I Have Psoriatic Arthritis, But It Doesn't Have Me
My journey with psoriatic arthritis (PsA) began quite abruptly, as often happens with PsA. Suddenly my legs started to hurt and I couldn't figure out why. It was another symptom that my primary care doctor brushed off as normal aging. I was 32 and could barely walk some days. I was so stiff and hurt so much. I knew something was going on, but it seemed no doctor believed me. However, I had been through all of this before when doctors did not believe me when I had chronic mono. I was right then, and I was right this time, too.
This journey with PsA has taken me through paths where I have encountered difficulties with walking, scary brain fog, swelling that made it hard to write, and psoriasis patches that embarrass me. I have been on medication that eased the pain and stiffness, but had such side effects that I had to stop taking them. My rheumatologist told me that if I did not work through the pain and keep moving, I would be in a wheelchair in 6 months. I decided then that even though I have psoriatic arthritis, it would not have me.
How has PsA changed my life?
I have made a lot of changes in my life because of PsA. There is always room for improvement, of course, and I don't always stick to them as I should, but without these changes, I know I will be in pain. I've learned what I have to do to keep my body moving. Most days, even though I have psoriatic arthritis, psoriatic arthritis doesn't have me.
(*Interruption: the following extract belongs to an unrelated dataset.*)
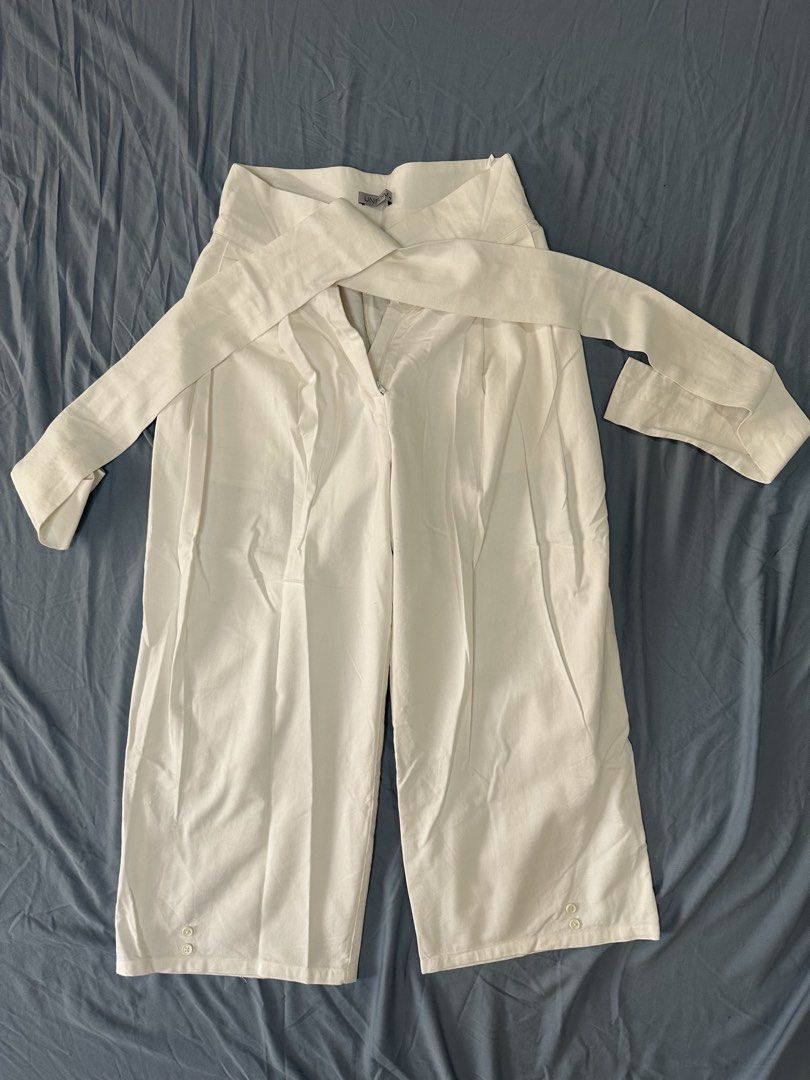 Unif0rm white pants (Category: Other Bottoms) located in Quezon City. Submitted by tan__k (Listing ID 1467851604, Image 2). Description: Size XS No flaws.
But there are days that PsA grabs on and won't let go. Today is one of those days. Thunderstorms are my worst trigger for a flare, and we had some severe ones yesterday with some more on the way today. I'm swollen, sore, and stiff. I know that movement shortens the symptoms from a weather flare, but I'm drained from a long and stressful work week and the weather flare. I just don't have the energy today. It can be easy to get down on myself when I'm not bouncing back from a flare as fast as I would like. I have to remind myself that this flare is temporary, the pain and soreness will pass.
Recovering from a flare
Psoriatic arthritis does not have me, even when I'm struggling to recover from a flare. I may need more recovery time and rest today, but that's okay. I still win. I'm not staying in the bed forever or stopping my walks just because it hurts. I just need enough rest to let my body catch up. Then, its back to my stretches, lunchtime walks, and my 10,000 step goal. Sure, I have PsA, but it doesn't have me. And as long as I keep fighting, it never will.